As I have indicated in the other formu page, when i type ifconfig eth0 up, it says "unknown interface - no such device"!

I assume that the NIC is not loaded correctly?

Cheers,

Jules

 
The workstation isn't a part of the domain until you run the smbpasswd command, but you can't do that until you get your NIC working.

You said that you changed it to eth1 above --> "I actually changed it to be Eth1". What happens when you run "ifconfig Eth1 up"?

ChrisP ------------------------------------------------------------------------------
If somebody helps you, please click the link in the botton left hand corner that says "Mark this post as a helpful/expert post".
 
Hi,

I have successfully managed to add the Linux box to our NT 4 domain - thanks for all the help. I removed the Intel card and added a 3com...ran Kudzu and it installed the card! (Cool, linux has a bit of plug and play!!!)

OK...then I ran the smbpasswd command and it joined our domain.

Strange thing is...I can ping the Linux box from my workstation...but when I ping its netbios name, it returns reply from 127.0.0.1....why that?

I also try to telnet into it...but it would not accept the root password...very od...any ideas..

Thanks for the help,

Julian
 
Julian,
127.0.0.1 is probably the reply you should get from that ping. That ip is your card. If you pinged 127.0.0.1 you would be pinging yourself.
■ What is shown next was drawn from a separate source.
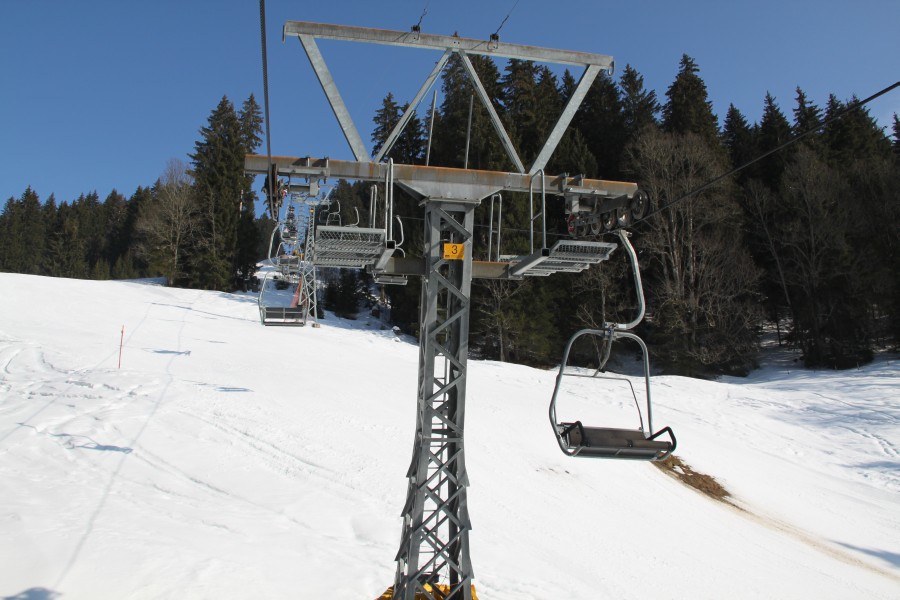 Sesselbahn Chalberhöni-Vordereggli, März 2010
The telnet server does not accept root logins by default. It is a safety feature and one that you should probably keep. If you need root access in telnet you can either give your user account the necessary root rights (not a great idea) or enable root telnet login. Also not a great idea.

Tom
 
Another idea for root telnet is to login as a user then su and give the root password. that should give you roo access for most things.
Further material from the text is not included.